The Persistence of Memory (1931)
Oil on canvas · Museum of Modern Art, New York
Melting watches draped across a barren Catalan landscape — the most iconic Surrealist image.
The Elephants (1948)
Oil on canvas · Teatro-Museo Dalí, Figueres
Spindly-legged elephants carry obelisks across a dreamscape, symbols of power and weightlessness.
René Magritte
1898–1967 · Key figure
Belgian painter who quietly subverted everyday reality through visual paradoxes and witty philosophical puzzles. His bowler-hatted men, floating rocks, and pipes that are not pipes challenged the relationship between images and words.

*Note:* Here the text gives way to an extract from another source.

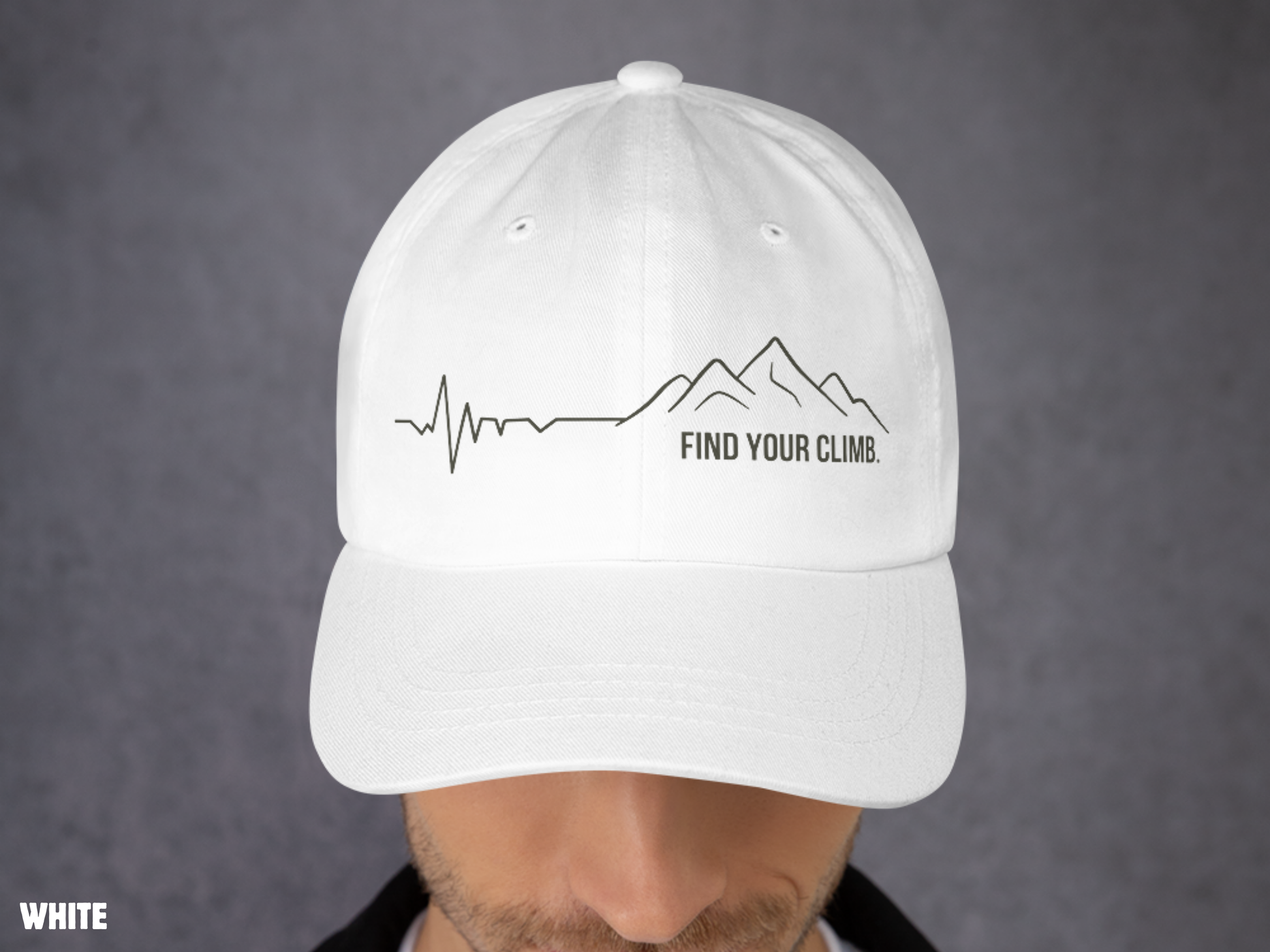 A white baseball cap with a black mountain line graphic and the text 'FIND YOUR CLIMB.' on the front, shown worn by a person against a gray background.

The Treachery of Images (1929)
Oil on canvas · Los Angeles County Museum of Art
"Ceci n'est pas une pipe" — this is not a pipe — a meditation on representation and reality.
The Son of Man (1964)
Oil on canvas · Private collection
A bowler-hatted man whose face is obscured by a floating green apple.
Automatism & Biomorphism
Artists who used spontaneous mark-making and organic forms to access the unconscious.
Joan Miró
1893–1983 · Leading figure
Catalan painter who developed a joyful, playful visual language of biomorphic shapes, primary colours, and cryptic signs. Miró's work hovers between abstraction and figuration, always grounded in poetic imagination.
The Harlequin's Carnival (1924–1925)
Oil on canvas · Albright-Knox Art Gallery, Buffalo
A teeming interior of fantastical creatures celebrating carnival, painted during a period of deliberate hunger-induced hallucination.
Constellation: Awakening in the Early Morning (1941)
Gouache and oil wash on paper · Kimbell Art Museum, Fort Worth
One of twenty-three small works made during World War II, dense with stars, birds, and signs.